- **DIRECTIONS FOR THIS TASK**: Write out exactly what each line says, starting with the first line below and ending on the one with "Новый чехол кожаный для Samsung S7".

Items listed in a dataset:
***
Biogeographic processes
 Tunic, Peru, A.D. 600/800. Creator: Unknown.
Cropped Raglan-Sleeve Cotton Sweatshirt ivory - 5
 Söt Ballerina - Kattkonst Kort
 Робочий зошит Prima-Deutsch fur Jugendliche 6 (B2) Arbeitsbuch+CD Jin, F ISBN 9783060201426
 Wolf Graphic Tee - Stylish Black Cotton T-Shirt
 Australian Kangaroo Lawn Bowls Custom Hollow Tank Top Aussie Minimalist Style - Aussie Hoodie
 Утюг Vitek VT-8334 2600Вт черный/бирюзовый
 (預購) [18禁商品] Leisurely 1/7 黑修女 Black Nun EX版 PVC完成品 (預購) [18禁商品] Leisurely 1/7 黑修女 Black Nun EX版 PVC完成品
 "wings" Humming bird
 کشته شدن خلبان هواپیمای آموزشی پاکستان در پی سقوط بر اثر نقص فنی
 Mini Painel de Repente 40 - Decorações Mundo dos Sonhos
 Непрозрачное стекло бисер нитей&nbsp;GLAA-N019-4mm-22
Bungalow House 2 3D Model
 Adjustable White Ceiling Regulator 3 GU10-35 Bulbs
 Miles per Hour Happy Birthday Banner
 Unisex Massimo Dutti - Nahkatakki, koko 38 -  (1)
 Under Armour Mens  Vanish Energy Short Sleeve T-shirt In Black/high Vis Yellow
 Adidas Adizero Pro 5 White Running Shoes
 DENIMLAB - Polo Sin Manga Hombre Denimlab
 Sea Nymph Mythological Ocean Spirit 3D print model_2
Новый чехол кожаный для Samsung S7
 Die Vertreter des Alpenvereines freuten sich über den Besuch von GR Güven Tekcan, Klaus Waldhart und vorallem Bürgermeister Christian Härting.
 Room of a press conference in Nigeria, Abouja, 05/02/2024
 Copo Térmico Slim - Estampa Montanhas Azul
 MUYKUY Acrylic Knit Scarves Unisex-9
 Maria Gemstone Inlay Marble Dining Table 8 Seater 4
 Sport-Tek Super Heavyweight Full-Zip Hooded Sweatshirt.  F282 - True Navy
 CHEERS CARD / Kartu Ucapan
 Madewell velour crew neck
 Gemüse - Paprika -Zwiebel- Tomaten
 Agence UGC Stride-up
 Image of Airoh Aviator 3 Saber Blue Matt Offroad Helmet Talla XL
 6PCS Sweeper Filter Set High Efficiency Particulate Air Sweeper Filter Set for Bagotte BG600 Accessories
***
- **ANSWER TO THE PROBLEM**:
Biogeographic processes
 Tunic, Peru, A.D. 600/800. Creator: Unknown.
Cropped Raglan-Sleeve Cotton Sweatshirt ivory - 5
 Söt Ballerina - Kattkonst Kort
 Робочий зошит Prima-Deutsch fur Jugendliche 6 (B2) Arbeitsbuch+CD Jin, F ISBN 9783060201426
 Wolf Graphic Tee - Stylish Black Cotton T-Shirt
 Australian Kangaroo Lawn Bowls Custom Hollow Tank Top Aussie Minimalist Style - Aussie Hoodie
 Утюг Vitek VT-8334 2600Вт черный/бирюзовый
 (預購) [18禁商品] Leisurely 1/7 黑修女 Black Nun EX版 PVC完成品 (預購) [18禁商品] Leisurely 1/7 黑修女 Black Nun EX版 PVC完成品
 "wings" Humming bird
 کشته شدن خلبان هواپیمای آموزشی پاکستان در پی سقوط بر اثر نقص فنی
 Mini Painel de Repente 40 - Decorações Mundo dos Sonhos
 Непрозрачное стекло бисер нитей&nbsp;GLAA-N019-4mm-22
Bungalow House 2 3D Model
 Adjustable White Ceiling Regulator 3 GU10-35 Bulbs
 Miles per Hour Happy Birthday Banner
 Unisex Massimo Dutti - Nahkatakki, koko 38 -  (1)
 Under Armour Mens  Vanish Energy Short Sleeve T-shirt In Black/high Vis Yellow
 Adidas Adizero Pro 5 White Running Shoes
 DENIMLAB - Polo Sin Manga Hombre Denimlab
 Sea Nymph Mythological Ocean Spirit 3D print model_2
Новый чехол кожаный для Samsung S7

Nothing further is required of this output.